Turmoil and fragmentation appears to be the limit of what Washington can achieve. Its military intervention radicalizes more Muslims, inspiring them to destabilize the existing more moderate, pro-Western governments, as Halevy recognizes. What Halevy does not reveal, however, is that such destabilization of the Middle East is exactly what Likudnik thinkers have long planned for, going back at least to Oded Yinon in the early 1980s. 
Halevy seems to have produced an example of what the great revisionist historian Harry Elmer Barnes classified as a "smother-out." That is, Halevy candidly acknowledges some truths that run contrary to war-party orthodoxy that the neocons promoted and the Israelis supported the Bush II war agenda; that democracy is not a panacea for the Middle East; that American intervention enhances the power of Islamic radicalism. Those truths infuse Halevy's piece with an aura of authenticity, which prevent it from being written off as a piece of blatant Israeli propaganda. But then he slips in the major falsehood: that as a result of its military presence in the Middle East, the United States will side with the Palestinians in their dispute with Israel. In so doing, Halevy "smothers out" the fact that the overriding purpose and effect of the neocon-directed Bush II Middle East foreign policy have been to advance the security interests of Israel.
One can understand why ultra-religious Jews and the hard Right oppose Sharon's disengagement plan: they are religiously or ideologically committed to a Jewish state that encompasses the entire occupied territory, and they are unwilling to allow anything to deviate from their fervent goal of "Eretz Israel." But one suspects that Mossadist Halevy is guided by geostrategic thinking, not religion or free-floating ideology.

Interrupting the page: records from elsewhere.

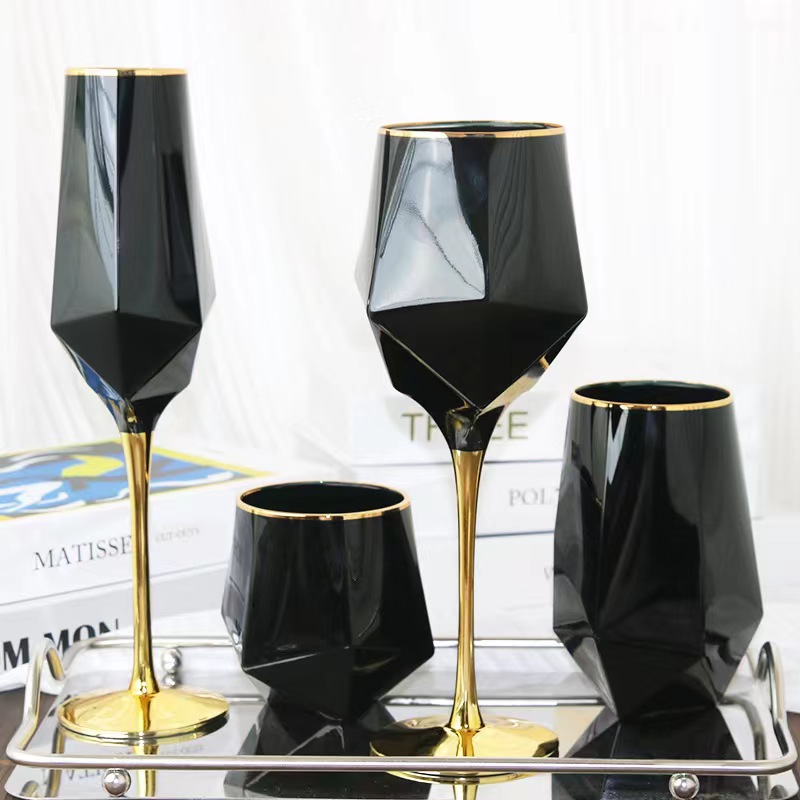 23 Ons Siyah Kör Tadım Phnom P - Highball Glass Set incelemesi ve fiyatı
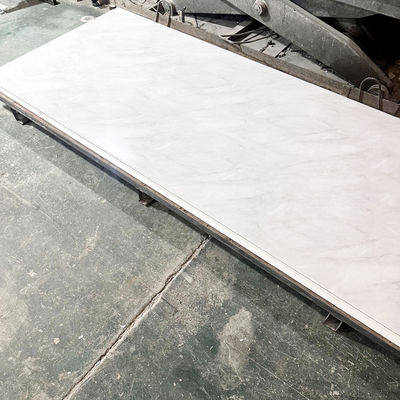 Прочные длительные пластиковые панели для ванной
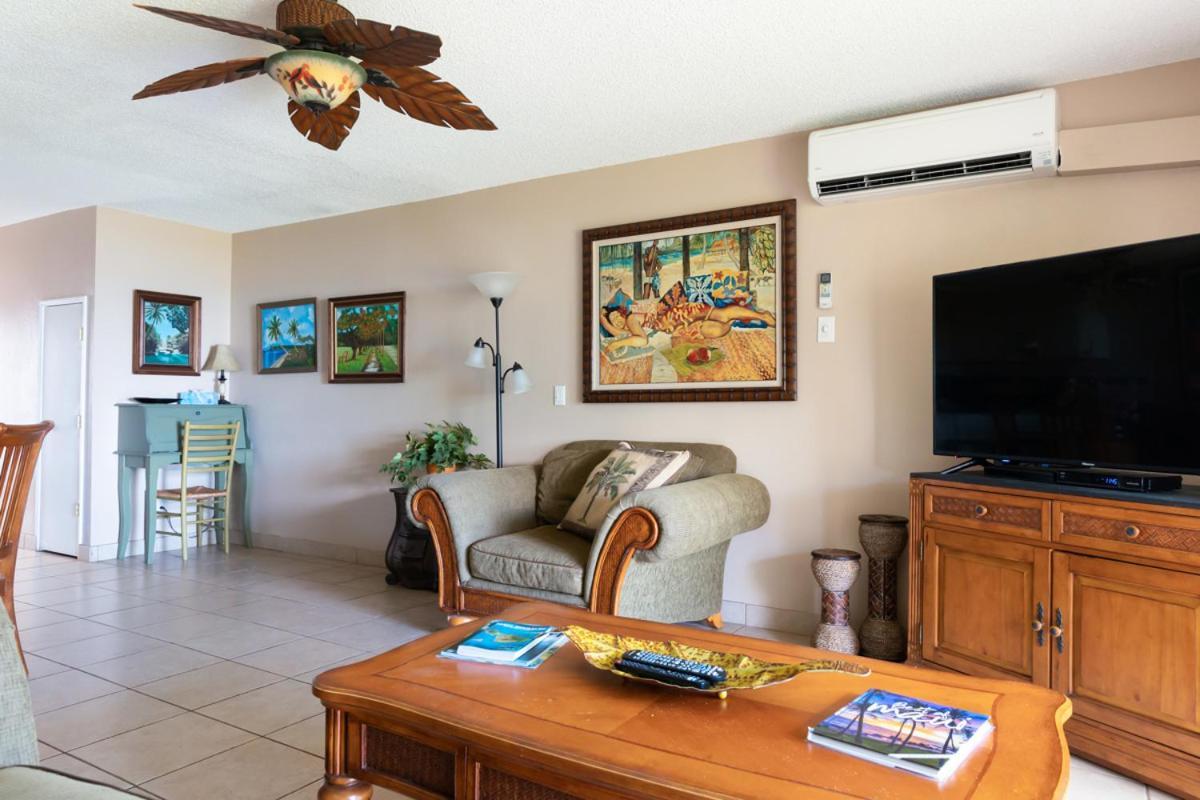 Ferienwohnung Kihei Akahi A104 Wailea  Exterior foto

Whatever Halevy's true thinking on the Israel/Palestine issue, it is apparent that his claim that Israel will ultimately suffer from the Pax Americana serves to advance vital Israeli interests. It operates as perfect disinformation, in the sort of approach one might expect from a man who served a lifetime in the Mossad. Given clever marketing, the notion that an American Middle East empire would ultimately mean justice for the Palestinians might succeed in generating support for U.S. intervention from Arabs and other people not in Israel's camp.

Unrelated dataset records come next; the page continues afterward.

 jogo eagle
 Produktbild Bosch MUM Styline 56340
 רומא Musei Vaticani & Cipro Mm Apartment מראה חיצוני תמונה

Moreover, the staunch opposition to Sharon's disengagement plan on the part of Halevy and the Israeli Right surrounds the plan with the aura of concession and compromise. Indeed, given the actual specifics of Sharon's plan, only the existence of such vocal opposition could possibly deceive anyone into thinking that Israel was making concessions to the Palestinians and that Sharon, once the epitome of relentless belligerency, had miraculously metamorphosed into a crusader for compromise and peace. That is no less fantastic than the belief prevalent in the West during World War II that Stalin had abandoned Communist "world revolution" because of his emphasis on "socialism in one country." His successful propaganda enabled Stalin to gain substantial support from the capitalist nations and enormously expand the Soviet empire as a result of World War II a war that recent works have shown was actually sought and abetted by Stalin to achieve his imperial aims. 
Sharon simply realizes that a more indirect route is the only way to success. And, so far, American policy has brought Sharon nothing but success in advancing Israel's geostrategic goals goals that have been laid out for years. If influential people can be made to believe that Israel is actually suffering as a result of American policy, so much the better. To quote the entirety of the Mossad's motto: "By way of deception, thou shalt do war."